▶ _Record extracts_:

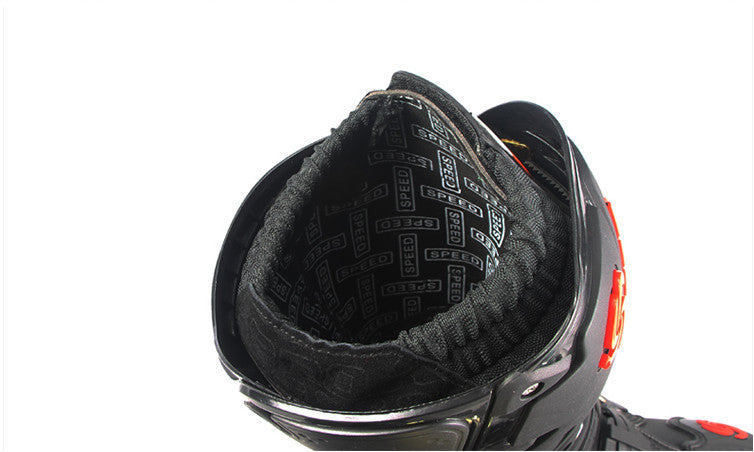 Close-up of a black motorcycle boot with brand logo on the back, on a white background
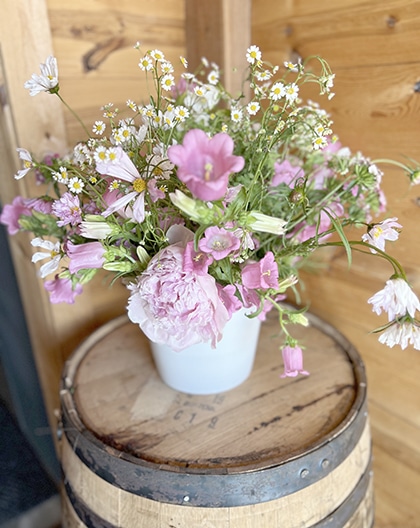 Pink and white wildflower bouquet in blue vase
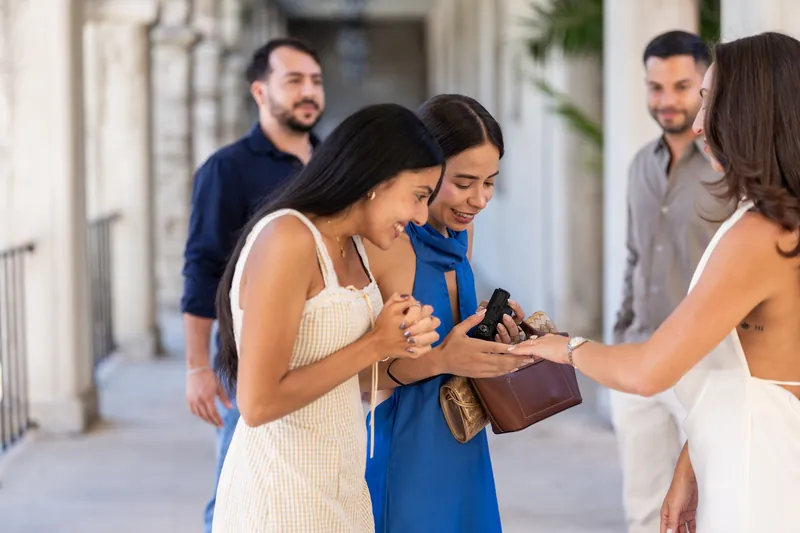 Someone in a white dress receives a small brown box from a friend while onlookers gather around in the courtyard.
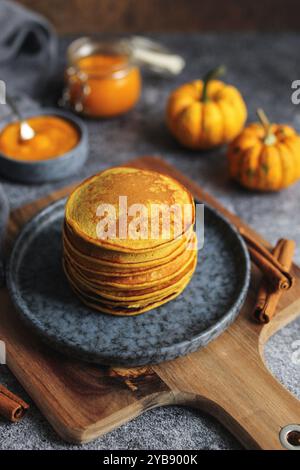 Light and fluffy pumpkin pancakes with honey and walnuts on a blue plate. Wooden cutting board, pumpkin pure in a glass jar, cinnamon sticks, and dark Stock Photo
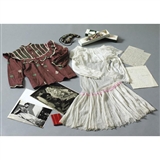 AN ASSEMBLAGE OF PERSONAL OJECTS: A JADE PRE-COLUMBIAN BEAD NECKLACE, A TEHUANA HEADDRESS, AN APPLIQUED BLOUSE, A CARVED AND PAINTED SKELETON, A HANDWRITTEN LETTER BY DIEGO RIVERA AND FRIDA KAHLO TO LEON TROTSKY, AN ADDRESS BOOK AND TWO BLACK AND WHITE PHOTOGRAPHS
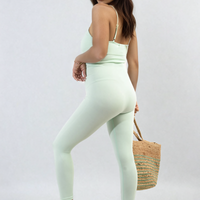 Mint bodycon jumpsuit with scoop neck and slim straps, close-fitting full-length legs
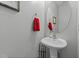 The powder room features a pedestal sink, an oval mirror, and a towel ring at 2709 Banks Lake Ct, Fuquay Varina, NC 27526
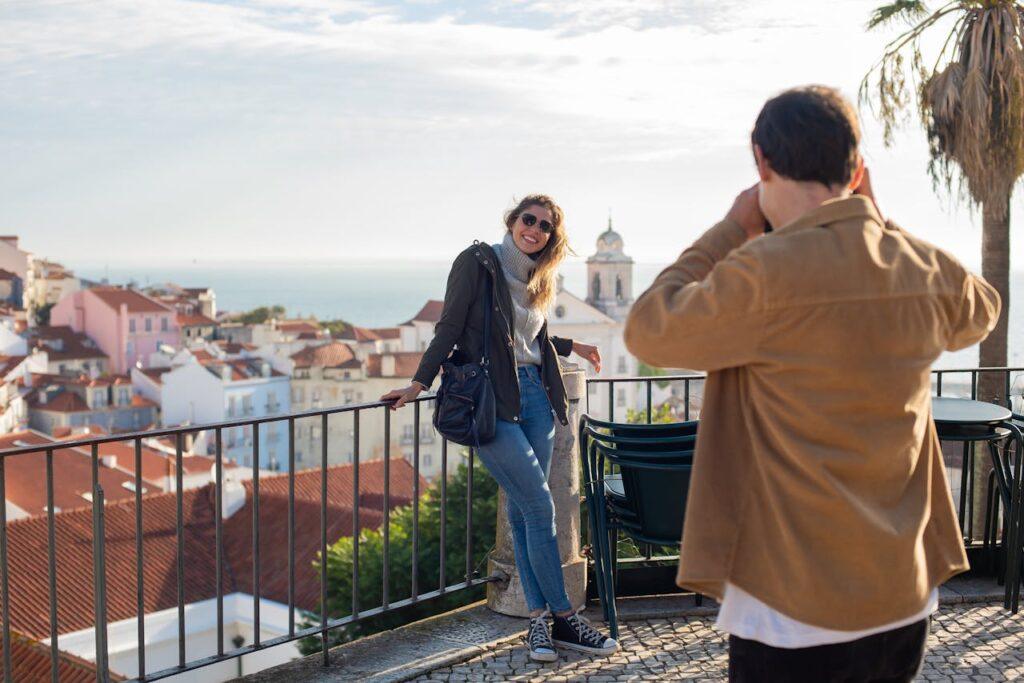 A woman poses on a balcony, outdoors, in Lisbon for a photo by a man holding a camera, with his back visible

---

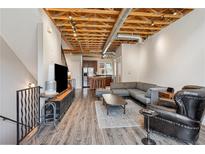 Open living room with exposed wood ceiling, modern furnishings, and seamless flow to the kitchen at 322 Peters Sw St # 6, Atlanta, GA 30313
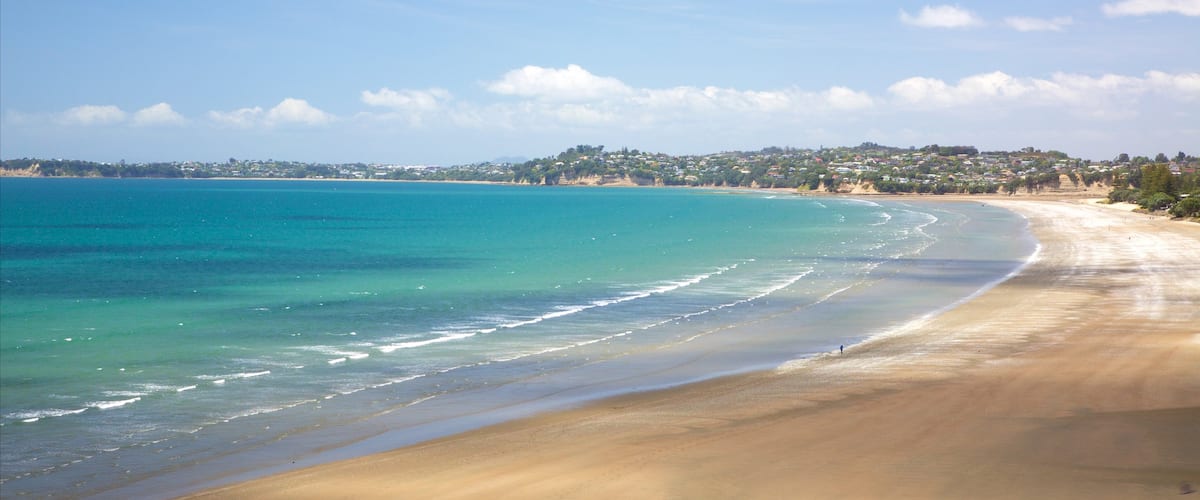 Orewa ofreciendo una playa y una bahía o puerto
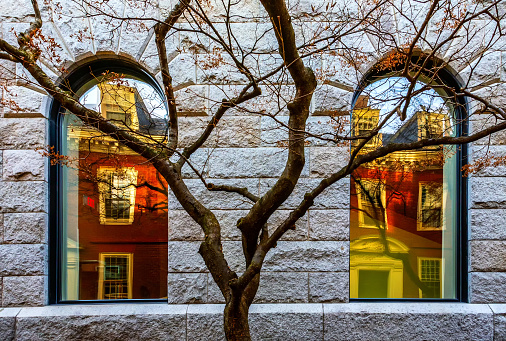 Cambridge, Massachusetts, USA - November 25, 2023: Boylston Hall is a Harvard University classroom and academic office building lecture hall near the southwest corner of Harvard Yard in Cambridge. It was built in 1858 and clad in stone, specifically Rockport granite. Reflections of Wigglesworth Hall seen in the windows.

▶ _Work instruction_:
Write out, word for word, the stretch of entries that begins at the line with "Someone in a" and ends at the line with "Light and fluffy". Pictures do not belong in it.

▶ _Answer section_:
 Someone in a white dress receives a small brown box from a friend while onlookers gather around in the courtyard.
 Light and fluffy pumpkin pancakes with honey and walnuts on a blue plate. Wooden cutting board, pumpkin pure in a glass jar, cinnamon sticks, and dark Stock Photo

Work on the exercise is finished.